Saved entries:
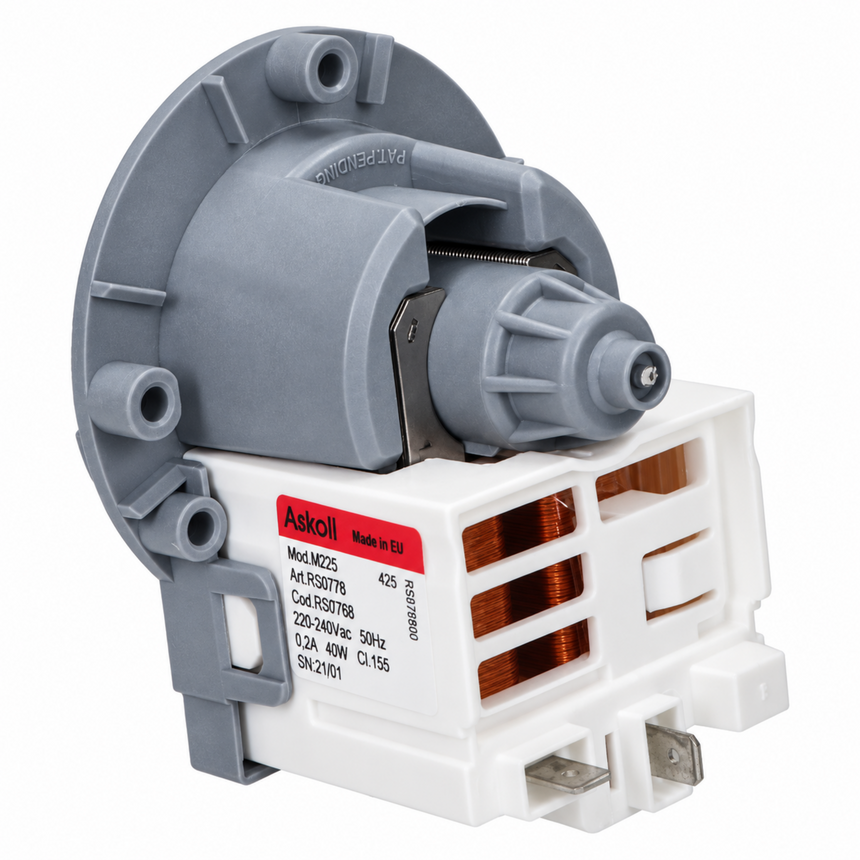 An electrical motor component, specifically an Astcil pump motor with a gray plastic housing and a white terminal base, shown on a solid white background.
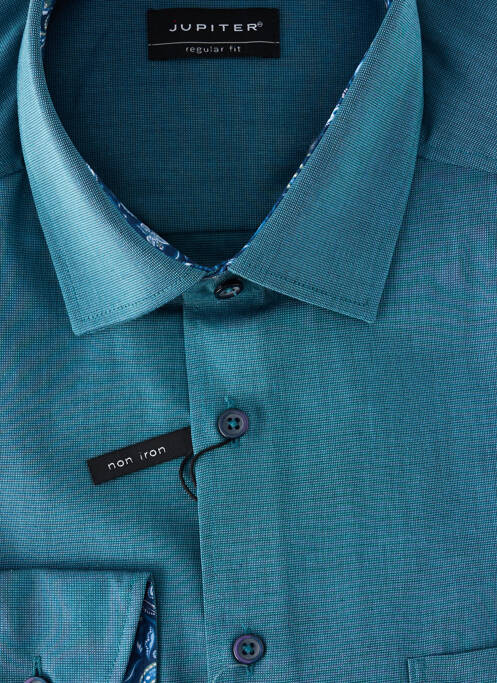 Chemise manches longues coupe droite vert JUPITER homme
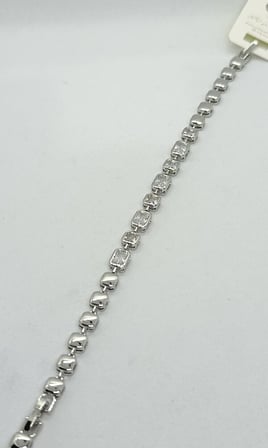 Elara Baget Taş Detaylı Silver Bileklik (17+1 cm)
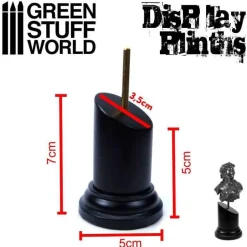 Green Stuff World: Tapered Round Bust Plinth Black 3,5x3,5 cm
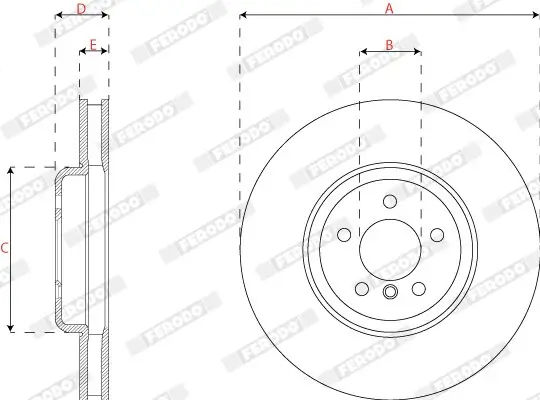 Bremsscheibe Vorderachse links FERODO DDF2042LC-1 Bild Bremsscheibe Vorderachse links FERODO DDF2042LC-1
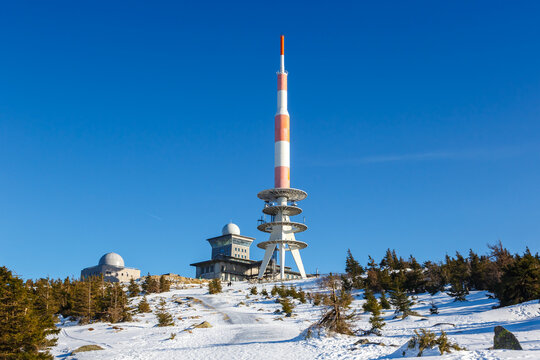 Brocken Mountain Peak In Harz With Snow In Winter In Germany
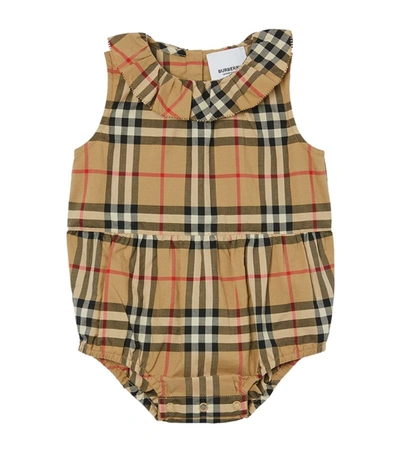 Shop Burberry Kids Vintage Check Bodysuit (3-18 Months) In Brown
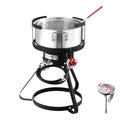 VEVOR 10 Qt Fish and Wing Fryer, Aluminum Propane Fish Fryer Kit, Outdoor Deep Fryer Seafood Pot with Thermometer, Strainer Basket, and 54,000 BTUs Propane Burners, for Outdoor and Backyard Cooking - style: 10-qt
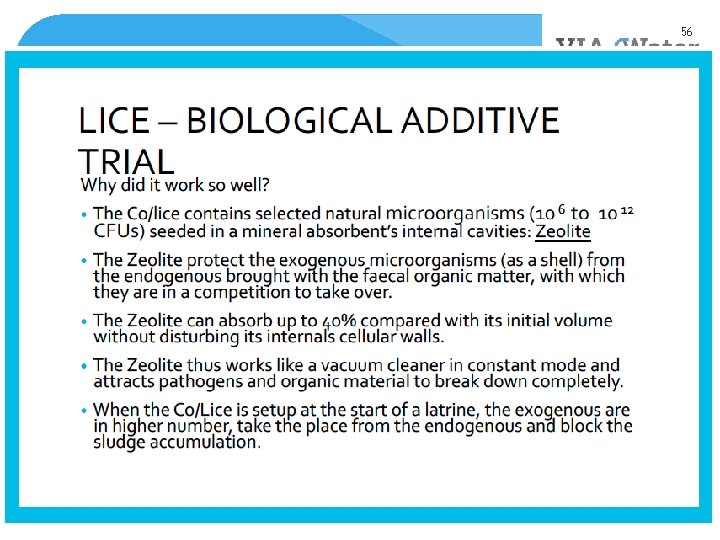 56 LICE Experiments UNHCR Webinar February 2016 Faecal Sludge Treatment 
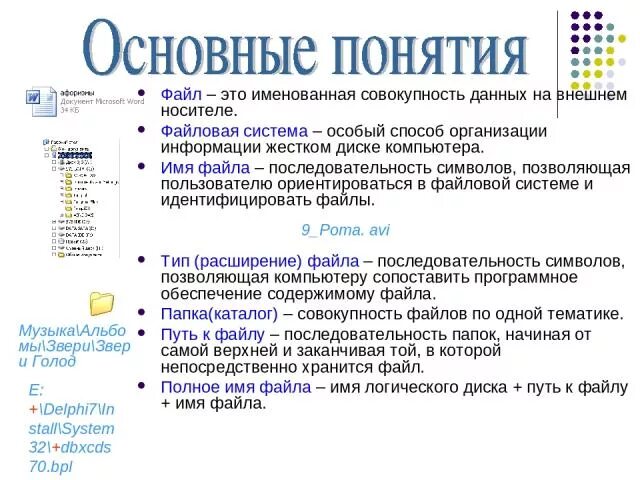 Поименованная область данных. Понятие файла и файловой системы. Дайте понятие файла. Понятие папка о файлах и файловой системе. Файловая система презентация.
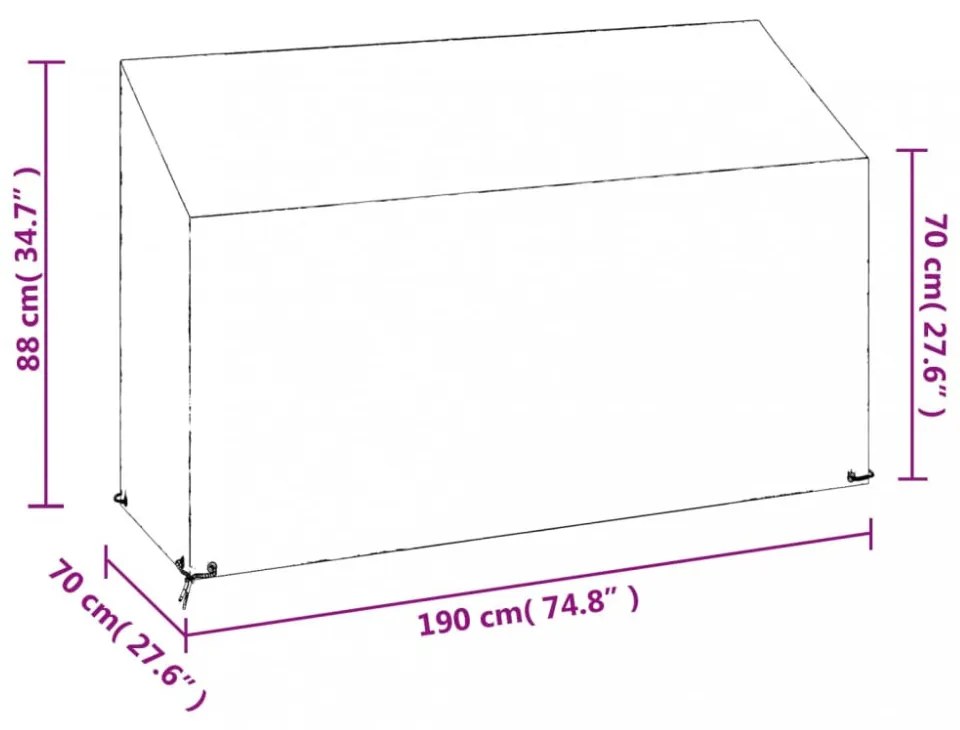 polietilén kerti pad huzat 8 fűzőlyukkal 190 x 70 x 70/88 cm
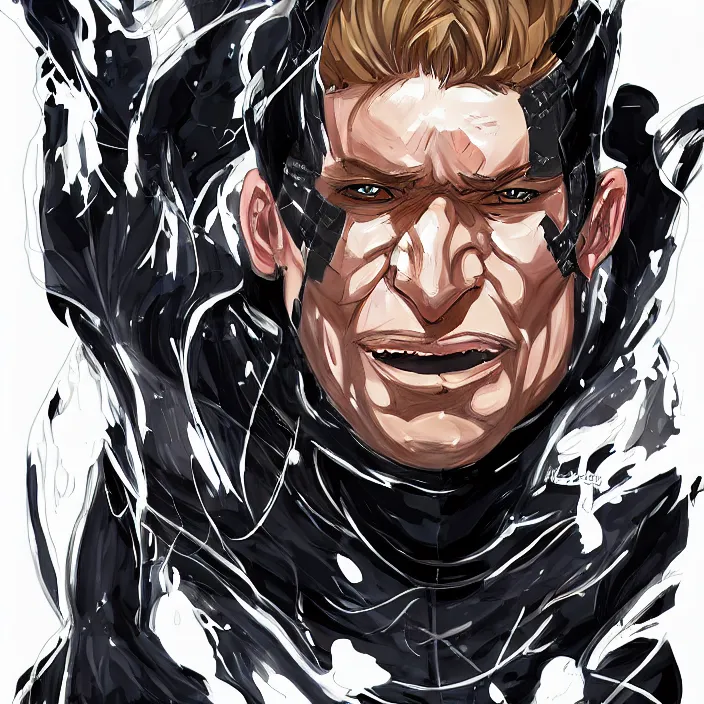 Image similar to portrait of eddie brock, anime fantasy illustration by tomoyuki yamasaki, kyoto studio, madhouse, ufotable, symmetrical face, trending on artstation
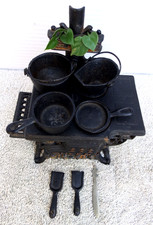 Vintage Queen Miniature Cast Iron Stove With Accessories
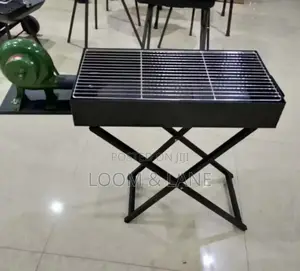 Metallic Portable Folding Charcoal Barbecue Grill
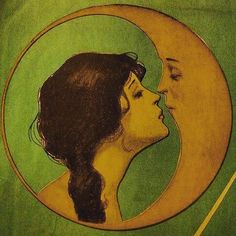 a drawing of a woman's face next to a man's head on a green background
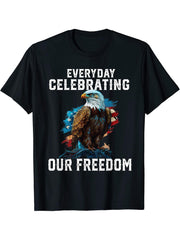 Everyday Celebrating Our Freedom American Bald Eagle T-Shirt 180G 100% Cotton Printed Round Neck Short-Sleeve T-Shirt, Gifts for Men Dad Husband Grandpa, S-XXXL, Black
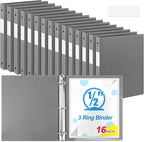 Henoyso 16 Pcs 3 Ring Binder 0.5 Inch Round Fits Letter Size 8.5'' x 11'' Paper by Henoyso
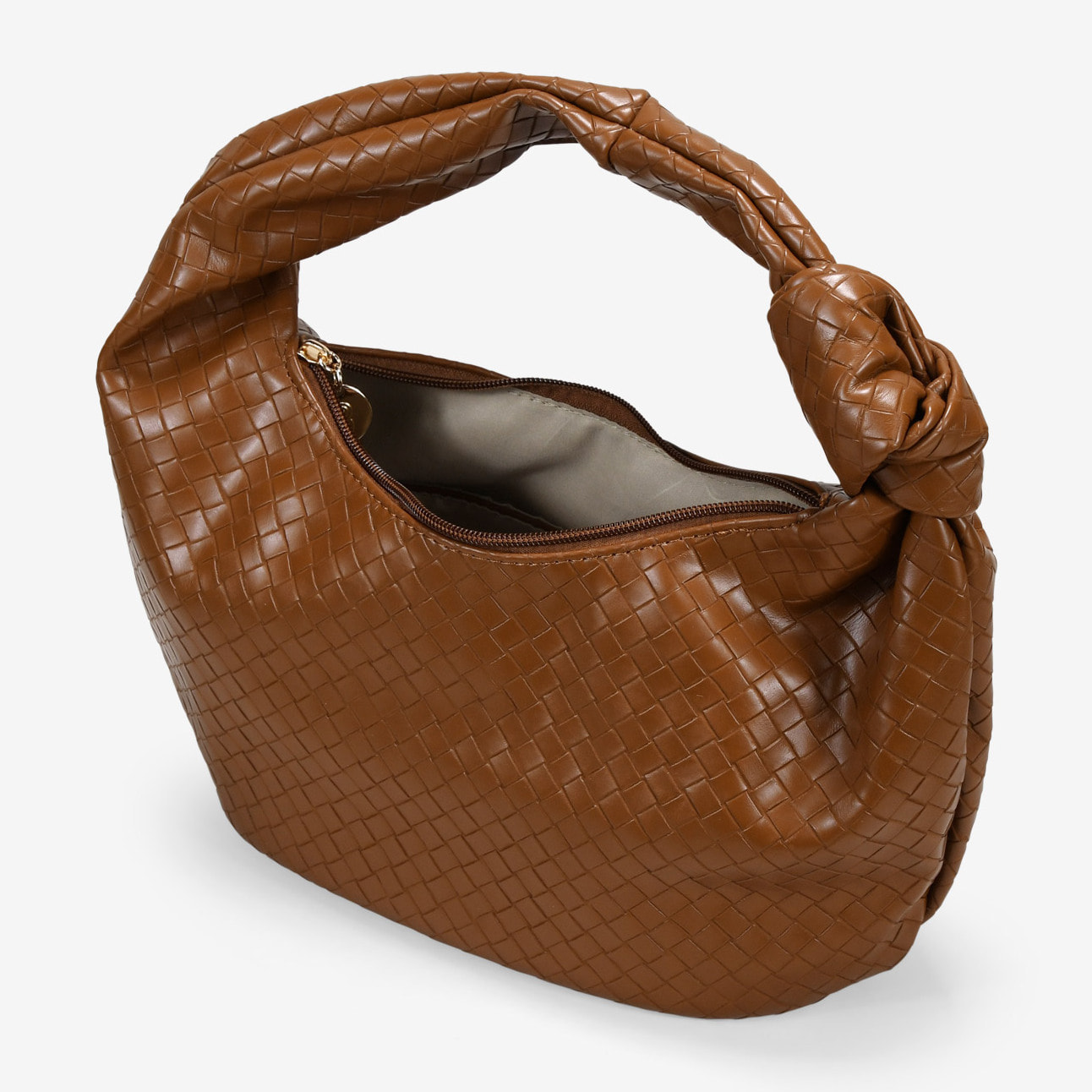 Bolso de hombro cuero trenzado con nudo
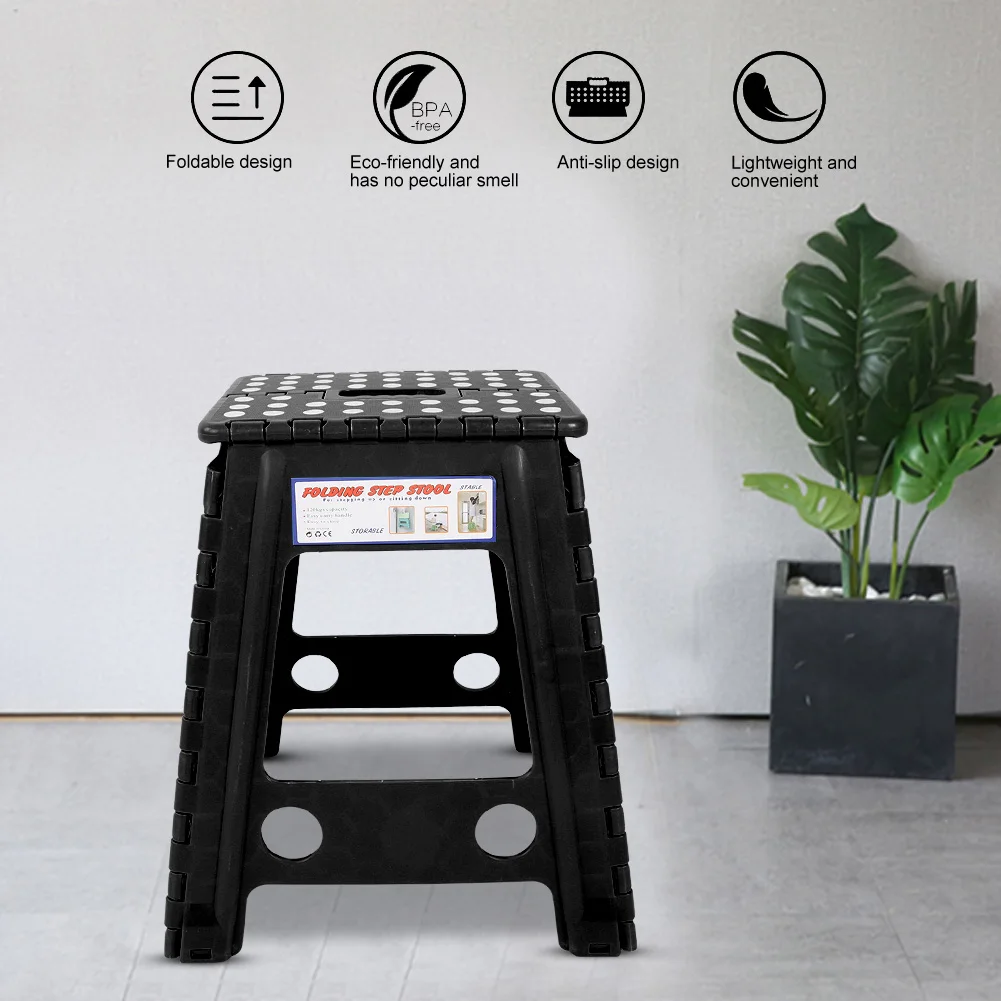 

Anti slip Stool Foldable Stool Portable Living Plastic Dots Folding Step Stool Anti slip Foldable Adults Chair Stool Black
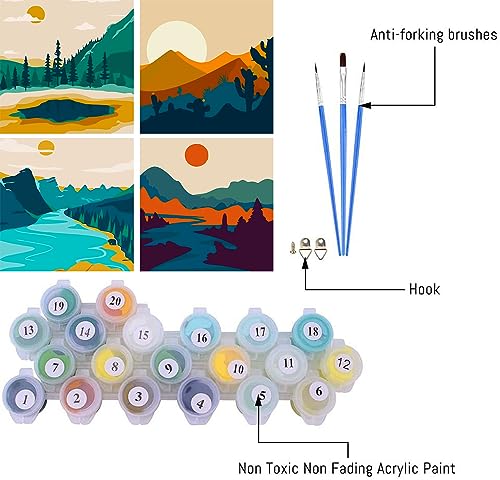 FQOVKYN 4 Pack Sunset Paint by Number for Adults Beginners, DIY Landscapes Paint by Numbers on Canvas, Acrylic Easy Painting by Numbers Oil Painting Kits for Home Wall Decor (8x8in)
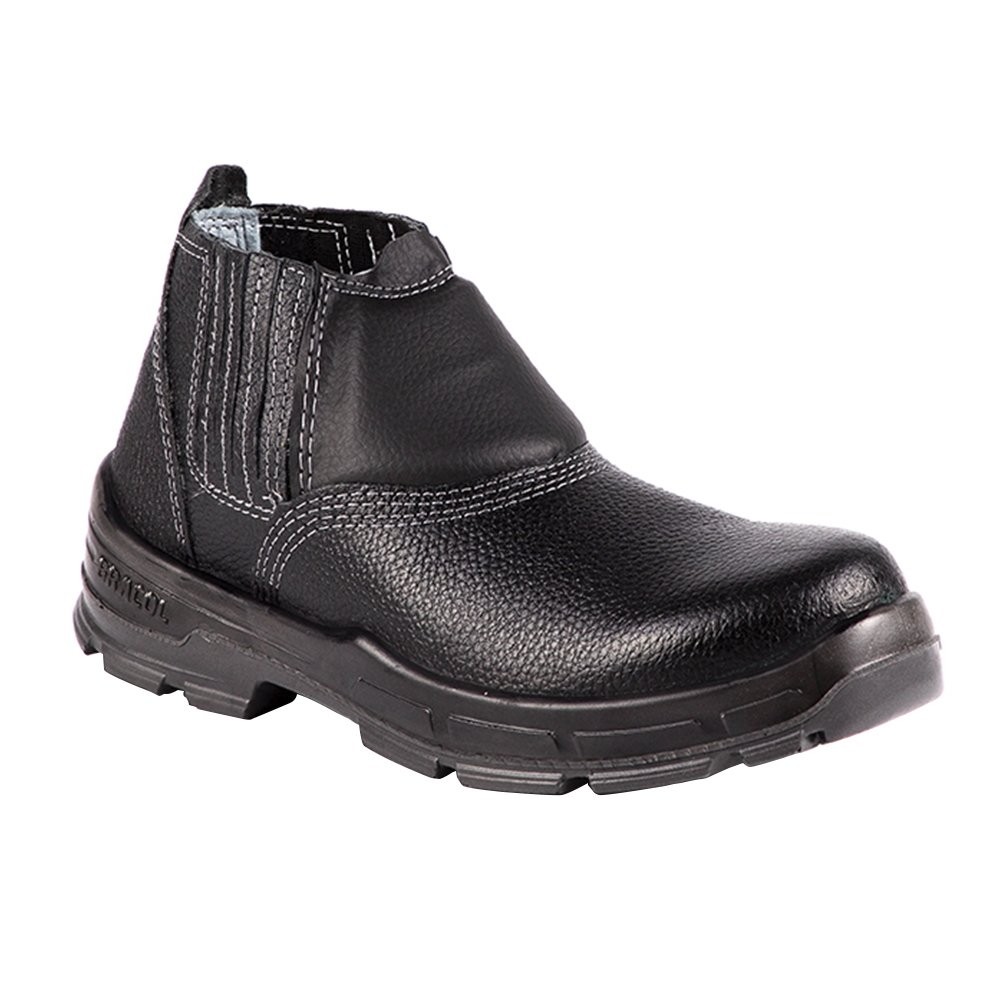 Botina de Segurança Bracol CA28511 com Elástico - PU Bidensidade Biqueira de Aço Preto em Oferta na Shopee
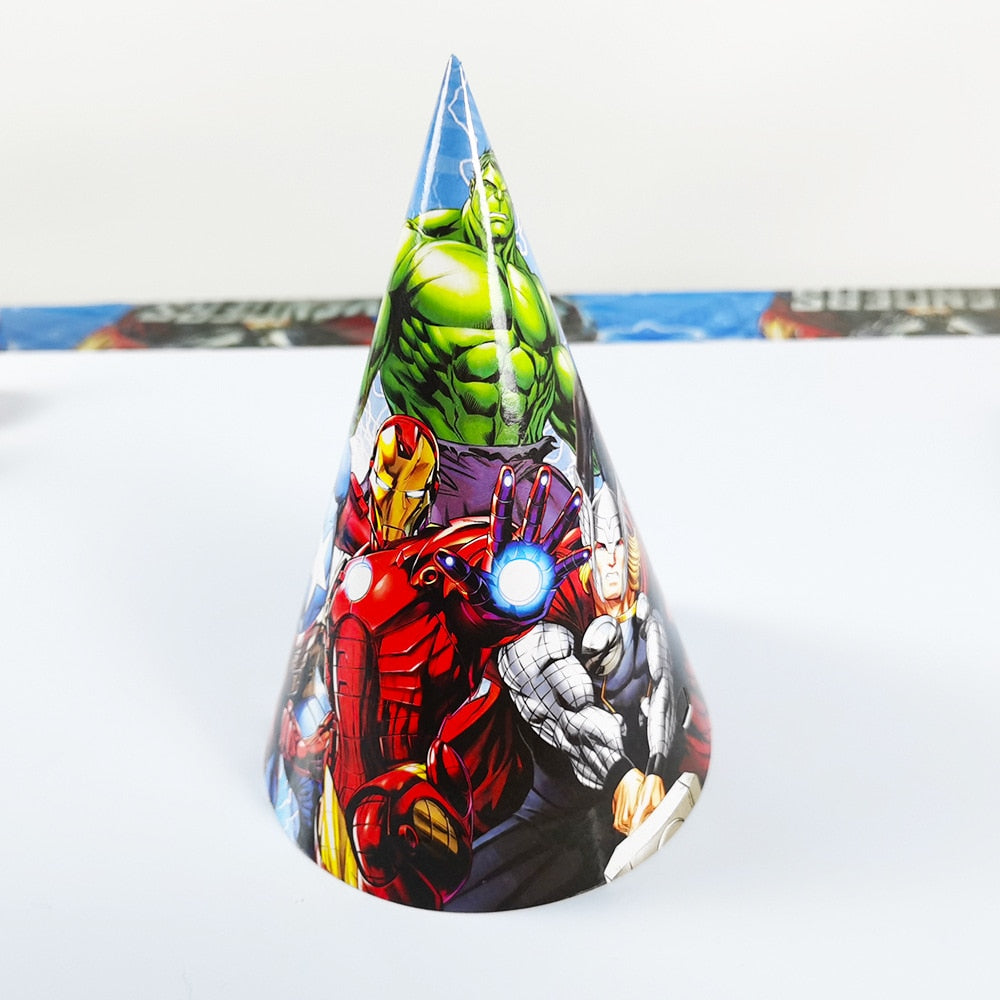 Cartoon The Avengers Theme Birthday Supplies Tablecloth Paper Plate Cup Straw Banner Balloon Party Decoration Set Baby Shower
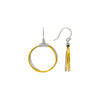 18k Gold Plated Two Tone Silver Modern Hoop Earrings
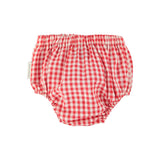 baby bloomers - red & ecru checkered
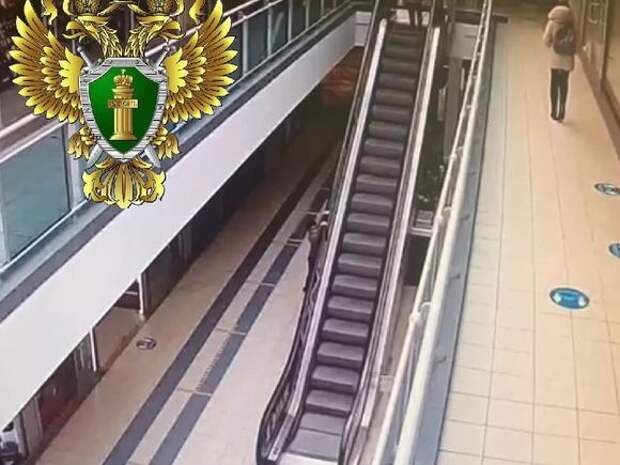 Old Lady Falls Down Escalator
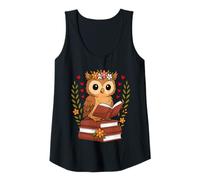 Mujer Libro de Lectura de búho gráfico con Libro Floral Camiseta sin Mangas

◆ **TRY IT**
Could every entry above be printed again exactly, images excluded?

◆ **TASK ANSWER**
 An electrical motor component, specifically an Astcil pump motor with a gray plastic housing and a white terminal base, shown on a solid white background.
 Chemise manches longues coupe droite vert JUPITER homme
 Elara Baget Taş Detaylı Silver Bileklik (17+1 cm)
 Green Stuff World: Tapered Round Bust Plinth Black 3,5x3,5 cm
 Bremsscheibe Vorderachse links FERODO DDF2042LC-1 Bild Bremsscheibe Vorderachse links FERODO DDF2042LC-1
 Brocken Mountain Peak In Harz With Snow In Winter In Germany
 Shop Burberry Kids Vintage Check Bodysuit (3-18 Months) In Brown
 VEVOR 10 Qt Fish and Wing Fryer, Aluminum Propane Fish Fryer Kit, Outdoor Deep Fryer Seafood Pot with Thermometer, Strainer Basket, and 54,000 BTUs Propane Burners, for Outdoor and Backyard Cooking - style: 10-qt
 56 LICE Experiments UNHCR Webinar February 2016 Faecal Sludge Treatment 
 Поименованная область данных. Понятие файла и файловой системы. Дайте понятие файла. Понятие папка о файлах и файловой системе. Файловая система презентация.
 polietilén kerti pad huzat 8 fűzőlyukkal 190 x 70 x 70/88 cm
 Image similar to portrait of eddie brock, anime fantasy illustration by tomoyuki yamasaki, kyoto studio, madhouse, ufotable, symmetrical face, trending on artstation
 Vintage Queen Miniature Cast Iron Stove With Accessories
 Metallic Portable Folding Charcoal Barbecue Grill
 a drawing of a woman's face next to a man's head on a green background
 Everyday Celebrating Our Freedom American Bald Eagle T-Shirt 180G 100% Cotton Printed Round Neck Short-Sleeve T-Shirt, Gifts for Men Dad Husband Grandpa, S-XXXL, Black
 Henoyso 16 Pcs 3 Ring Binder 0.5 Inch Round Fits Letter Size 8.5'' x 11'' Paper by Henoyso
 Bolso de hombro cuero trenzado con nudo

Anti slip Stool Foldable Stool Portable Living Plastic Dots Folding Step Stool Anti slip Foldable Adults Chair Stool Black
 FQOVKYN 4 Pack Sunset Paint by Number for Adults Beginners, DIY Landscapes Paint by Numbers on Canvas, Acrylic Easy Painting by Numbers Oil Painting Kits for Home Wall Decor (8x8in)
 Botina de Segurança Bracol CA28511 com Elástico - PU Bidensidade Biqueira de Aço Preto em Oferta na Shopee
 Cartoon The Avengers Theme Birthday Supplies Tablecloth Paper Plate Cup Straw Banner Balloon Party Decoration Set Baby Shower
 18k Gold Plated Two Tone Silver Modern Hoop Earrings
 baby bloomers - red & ecru checkered
 Old Lady Falls Down Escalator
 Mujer Libro de Lectura de búho gráfico con Libro Floral Camiseta sin Mangas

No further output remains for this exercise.